Brief: Report all lines of the data below that hold the word "Drive".
Segment Start: Data for the task
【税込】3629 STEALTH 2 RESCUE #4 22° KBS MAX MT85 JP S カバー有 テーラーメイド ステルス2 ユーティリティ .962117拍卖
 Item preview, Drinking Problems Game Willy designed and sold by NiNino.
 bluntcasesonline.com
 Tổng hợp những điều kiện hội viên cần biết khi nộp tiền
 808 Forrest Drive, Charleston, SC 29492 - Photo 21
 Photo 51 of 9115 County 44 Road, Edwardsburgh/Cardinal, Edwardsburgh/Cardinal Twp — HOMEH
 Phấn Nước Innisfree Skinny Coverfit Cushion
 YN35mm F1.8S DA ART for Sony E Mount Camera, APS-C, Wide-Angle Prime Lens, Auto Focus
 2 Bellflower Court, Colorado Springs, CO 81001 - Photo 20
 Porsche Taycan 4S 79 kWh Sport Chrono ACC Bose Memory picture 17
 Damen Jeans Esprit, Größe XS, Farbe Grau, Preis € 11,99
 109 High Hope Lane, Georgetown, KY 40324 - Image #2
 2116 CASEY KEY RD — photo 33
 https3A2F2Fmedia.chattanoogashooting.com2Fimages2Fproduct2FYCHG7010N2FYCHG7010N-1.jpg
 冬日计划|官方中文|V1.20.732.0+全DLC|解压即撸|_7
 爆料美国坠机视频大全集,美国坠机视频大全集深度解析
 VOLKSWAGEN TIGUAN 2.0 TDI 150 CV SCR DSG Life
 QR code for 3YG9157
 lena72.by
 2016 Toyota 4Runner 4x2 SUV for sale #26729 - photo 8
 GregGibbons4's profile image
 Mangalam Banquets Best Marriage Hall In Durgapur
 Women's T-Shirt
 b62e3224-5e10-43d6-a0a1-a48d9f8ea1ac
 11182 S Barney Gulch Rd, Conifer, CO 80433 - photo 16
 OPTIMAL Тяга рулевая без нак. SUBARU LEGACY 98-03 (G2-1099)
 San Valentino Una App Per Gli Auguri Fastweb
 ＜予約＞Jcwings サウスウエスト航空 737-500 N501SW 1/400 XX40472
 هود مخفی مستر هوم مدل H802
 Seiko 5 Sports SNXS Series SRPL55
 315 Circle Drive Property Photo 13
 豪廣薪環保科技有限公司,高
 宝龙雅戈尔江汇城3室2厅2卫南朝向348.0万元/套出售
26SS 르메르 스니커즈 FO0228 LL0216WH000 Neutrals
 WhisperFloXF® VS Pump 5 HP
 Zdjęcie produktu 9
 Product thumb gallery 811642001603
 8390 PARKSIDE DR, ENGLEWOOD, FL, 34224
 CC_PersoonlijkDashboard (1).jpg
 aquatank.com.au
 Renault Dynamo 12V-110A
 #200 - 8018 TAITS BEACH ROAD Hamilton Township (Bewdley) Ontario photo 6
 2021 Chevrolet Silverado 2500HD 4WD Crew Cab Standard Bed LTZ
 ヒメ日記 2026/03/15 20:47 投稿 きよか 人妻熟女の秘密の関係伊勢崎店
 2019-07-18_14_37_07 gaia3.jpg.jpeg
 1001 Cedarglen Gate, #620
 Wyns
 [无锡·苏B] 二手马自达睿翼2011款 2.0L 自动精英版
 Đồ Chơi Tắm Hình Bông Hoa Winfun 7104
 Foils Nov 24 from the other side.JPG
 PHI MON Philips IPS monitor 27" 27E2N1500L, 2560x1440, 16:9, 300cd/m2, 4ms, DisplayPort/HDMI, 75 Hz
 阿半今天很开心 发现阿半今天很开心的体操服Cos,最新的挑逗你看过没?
Segment End: Data for the task
Exercise result:
 808 Forrest Drive, Charleston, SC 29492 - Photo 21
 315 Circle Drive Property Photo 13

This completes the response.